А что касается до "мрачного отрицания жизни", то по поводу этого аргумента можно заметить — не Тургеневу бы говорить, не Толстому бы слушать! Будто бы "жизнь" в самом деле так беззащитна, что может быть уничтожена одной, как мы уже говорили, или даже десятками как угодно сильно написанных книг! Жизнь имеет свои приманки, которые потягаются с гениальнейшими произведениями человеческого духа. Каждый человек отыскивает соответствующие его настроению книги. В молодости люди зачитываются "Войной и миром" и мечтают о счастье Петра Безухова или Наташи. Потом, когда становятся старше, иной раз пробуют взглянуть в глаза страшному призраку уничтожения и, вслед за Толстым или другим сильным человеком, если не умеют самостоятельно этого сделать, спросить себя: а что же будет дальше? Конечно, дальше нас ожидает нечто новое, небывалое, и поэтому отпугивающее наши консервативные натуры. Вспомните, как Соломон мудрый, на которого часто ссылается Толстой, так дивно воспевший любовь и мудрость в молодости, как он говорил о жизни под старость. И разве его унылая скорбь подорвала силу вечно юной жизни? Размышления его целые тысячелетия читались и изучались без всяких роковых последствий, как священные книги. Читались еврейским народом, наиболее бодрым и наименее склонным к отчаянию и пессимизму, несмотря на свою печальную судьбу. Так что если Толстого и можно в чем-либо упрекнуть, то скорей не в преувеличенной, а в недостаточной смелости. Ведь Толстой тоже, в конце концов, отвернулся от нарисованных Соломоном ужасов и постарался на новый лад пристроиться к отстранившей его от себя жизни.

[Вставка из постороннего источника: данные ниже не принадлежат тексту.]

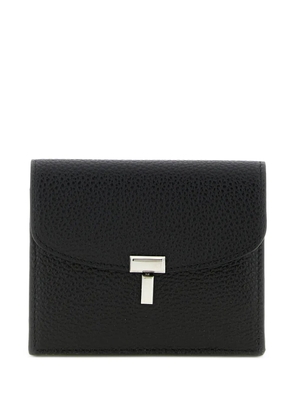 TOTEME Sienna T-lock card holder - Black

У Толстого был только один момент, когда он заговорил о "неделании", т.е. о жизни, в которой труд не отрывает человека от размышлений. Но он скоро понял, что напрасно усердствовал. Мы в достаточной мере не делаем. Праздность, именно та праздность, которую Толстой проповедовал в своей статье — вольная, сознательная, прекращающая всякий труд праздность есть характернейшая черта нашего времени. Я говорю, разумеется, не о рабочих и мужиках, делящих свое время между каторжным трудом и беспросыпным пьянством, а о высших, обеспеченных классах общества, к которым, собственно, и обращается гр. Толстой.

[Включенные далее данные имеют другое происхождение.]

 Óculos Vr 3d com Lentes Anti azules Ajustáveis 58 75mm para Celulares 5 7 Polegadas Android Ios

Мы давно уже ничего не делаем — и думаем. Мы пишем книги, рисуем картины, сочиняем симфонии, но разве это труд? Это только видимость труда, развлечение от праздности. Так что граф Толстой был гораздо более прав, когда он, забыв проповедь неделания, начал требовать от нас, чтобы мы по крайней мере часов восемь в день ходили за плугом. Это требование имеет смысл — даже для Соломона Мудрого.
Праздность губит нас. Мы возвращаемся к первобытному состоянию наших прародителей Адама и Евы и, не имея нужды в поте лица заботиться о дневном своем пропитании, норовим все рвать плоды с запретных деревьев. И, разумеется, несем соответствующее наказание.